→ **WHAT NEEDS TO BE DONE**: Once the line holding "Rainbow nebula gas" is found, output it and all remaining lines of the data exactly, with every picture left out.

→ **DATASET CONTENT**:
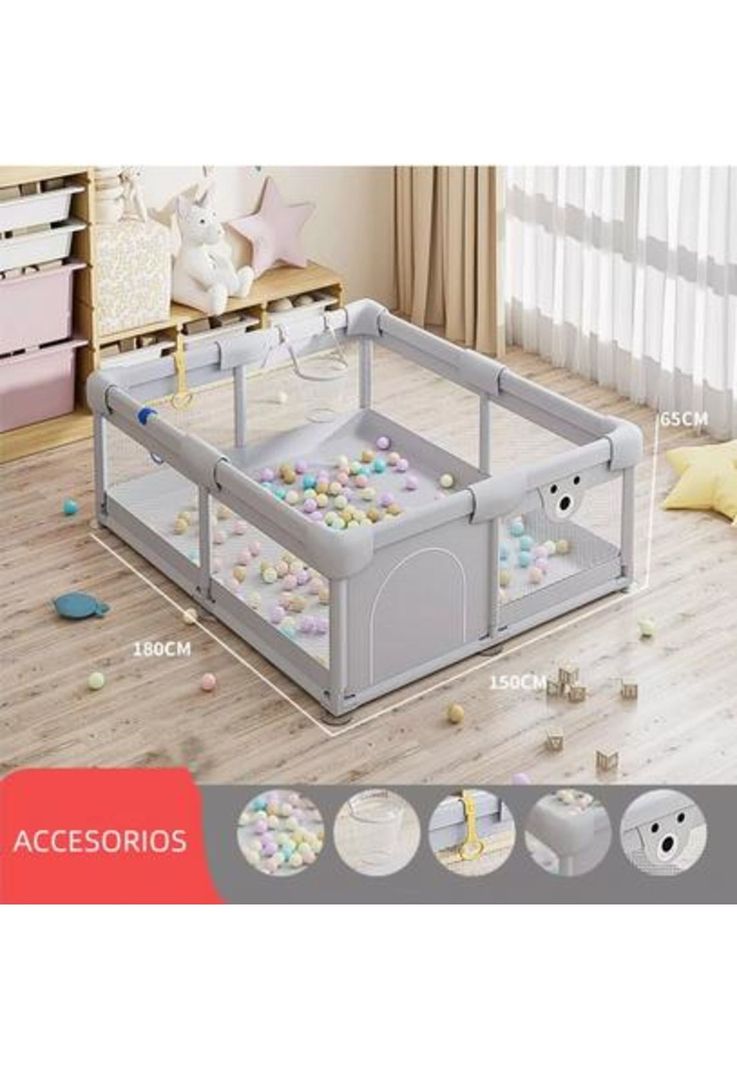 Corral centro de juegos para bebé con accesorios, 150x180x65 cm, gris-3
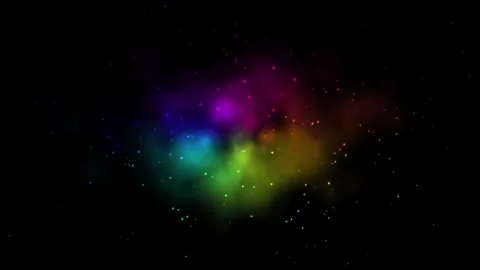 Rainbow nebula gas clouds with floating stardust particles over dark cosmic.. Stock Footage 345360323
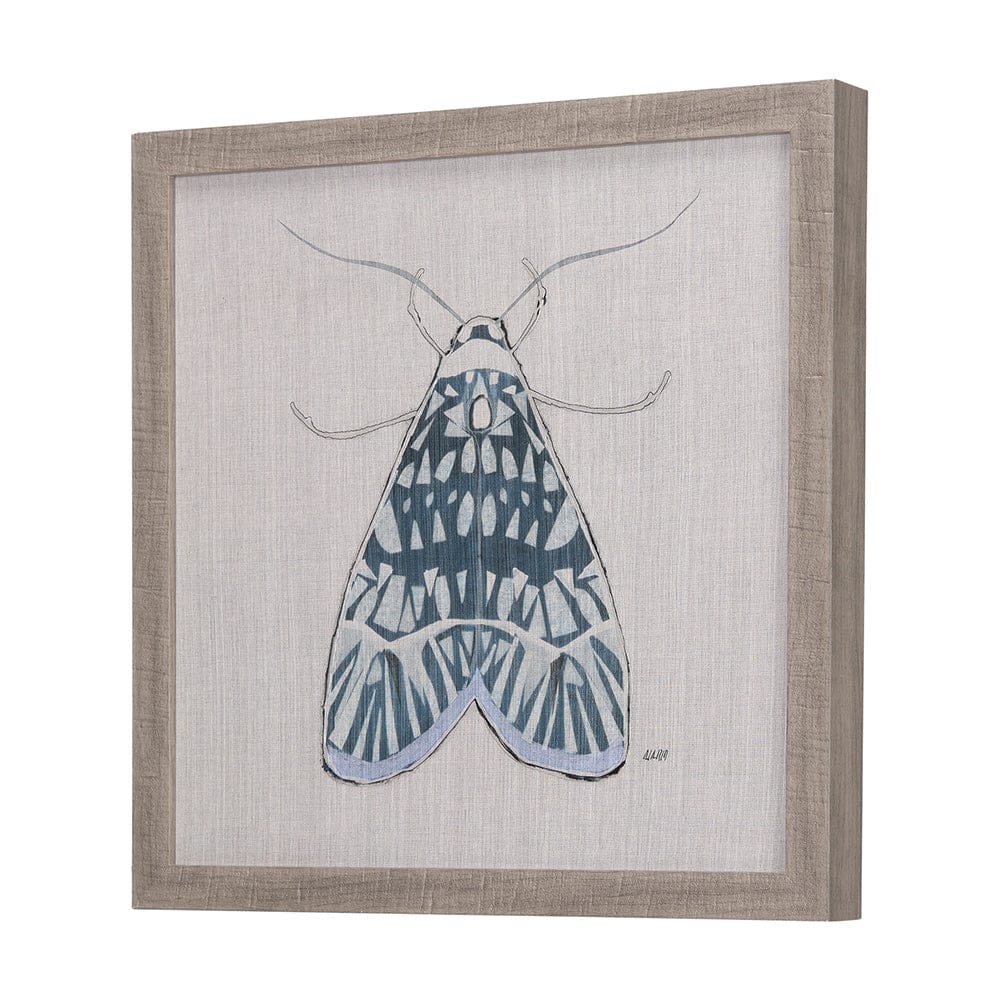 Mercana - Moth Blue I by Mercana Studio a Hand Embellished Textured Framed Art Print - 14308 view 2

→ **RESULT OF THE TASK**:
 Rainbow nebula gas clouds with floating stardust particles over dark cosmic.. Stock Footage 345360323
 Mercana - Moth Blue I by Mercana Studio a Hand Embellished Textured Framed Art Print - 14308 view 2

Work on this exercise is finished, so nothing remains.